Hi Melanie,
On 8/31/23 02:59, Melanie Plageman wrote:
I created a large table and then updated a tuple on every page in the
relation and vacuumed it. I saw a consistent slight improvement in
vacuum execution time. I profiled a bit with perf stat as well. The
difference is relatively small for this kind of example, but I can
work on a more compelling, realistic example. I think eliminating the
retry loop is also useful, as I have heard that users have had to
cancel vacuums which were in this retry loop for too long.
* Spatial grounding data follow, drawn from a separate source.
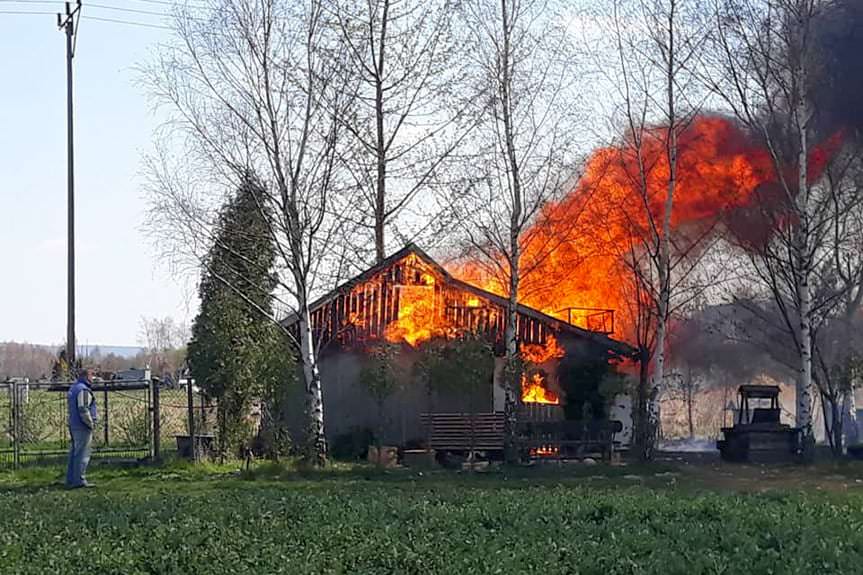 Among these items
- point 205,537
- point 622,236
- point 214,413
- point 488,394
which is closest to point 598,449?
point 488,394

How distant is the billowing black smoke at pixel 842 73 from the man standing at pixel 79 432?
2082 cm

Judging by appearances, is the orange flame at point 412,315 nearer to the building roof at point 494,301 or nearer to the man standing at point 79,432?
the building roof at point 494,301

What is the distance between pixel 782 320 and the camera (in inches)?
1442

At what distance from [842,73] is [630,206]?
6.86m

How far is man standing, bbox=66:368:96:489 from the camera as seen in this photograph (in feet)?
74.1

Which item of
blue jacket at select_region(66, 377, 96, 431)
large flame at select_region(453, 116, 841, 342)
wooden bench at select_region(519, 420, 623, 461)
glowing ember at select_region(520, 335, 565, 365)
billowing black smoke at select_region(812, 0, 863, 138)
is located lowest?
wooden bench at select_region(519, 420, 623, 461)

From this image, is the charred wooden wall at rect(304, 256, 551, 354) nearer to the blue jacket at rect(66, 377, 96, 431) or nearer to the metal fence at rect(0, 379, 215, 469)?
the metal fence at rect(0, 379, 215, 469)

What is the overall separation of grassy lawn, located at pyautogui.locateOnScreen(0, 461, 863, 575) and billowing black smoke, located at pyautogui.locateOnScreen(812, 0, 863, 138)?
15874mm

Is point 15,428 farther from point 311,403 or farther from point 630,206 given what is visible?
point 630,206

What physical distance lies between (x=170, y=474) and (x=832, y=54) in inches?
821

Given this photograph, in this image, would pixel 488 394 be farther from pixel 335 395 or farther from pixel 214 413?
pixel 214 413

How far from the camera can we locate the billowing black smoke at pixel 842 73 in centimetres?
3195

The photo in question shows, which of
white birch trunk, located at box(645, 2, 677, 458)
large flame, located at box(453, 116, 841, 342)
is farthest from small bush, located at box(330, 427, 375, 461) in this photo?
white birch trunk, located at box(645, 2, 677, 458)

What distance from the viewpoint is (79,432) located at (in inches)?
893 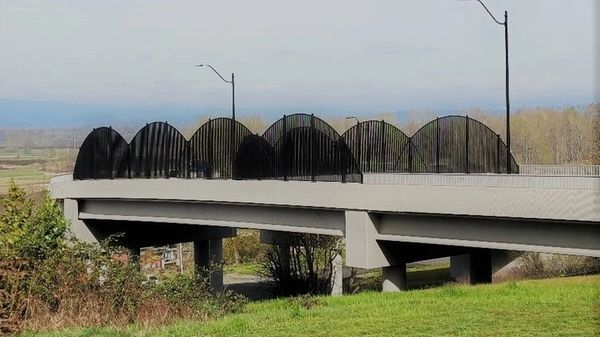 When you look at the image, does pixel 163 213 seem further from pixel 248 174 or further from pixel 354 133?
pixel 354 133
Just to provide a specific test case, if you create a small table like this
create table foo (a int, b int, c int) with(autovacuum_enabled=false);
insert into foo select i, i, i from generate_series(1, 10000000);
And then vacuum it. I find that with my patch applied I see a
consistent ~9% speedup (averaged across multiple runs).
master: ~533ms
patch: ~487ms
And in the profile, with my patch applied, you notice less time spent
in HeapTupleSatisfiesVacuumHorizon()
master:
11.83% postgres postgres [.] heap_page_prune
11.59% postgres postgres [.] heap_prepare_freeze_tuple
8.77% postgres postgres [.] lazy_scan_prune
8.01% postgres postgres [.] HeapTupleSatisfiesVacuumHorizon
7.79% postgres postgres [.] heap_tuple_should_freeze
patch:
13.41% postgres postgres [.] heap_prepare_freeze_tuple
9.88% postgres postgres [.] heap_page_prune
8.61% postgres postgres [.] lazy_scan_prune
7.00% postgres postgres [.] heap_tuple_should_freeze
6.43% postgres postgres [.] HeapTupleSatisfiesVacuumHorizon
Thanks a lot for providing additional information and the test case.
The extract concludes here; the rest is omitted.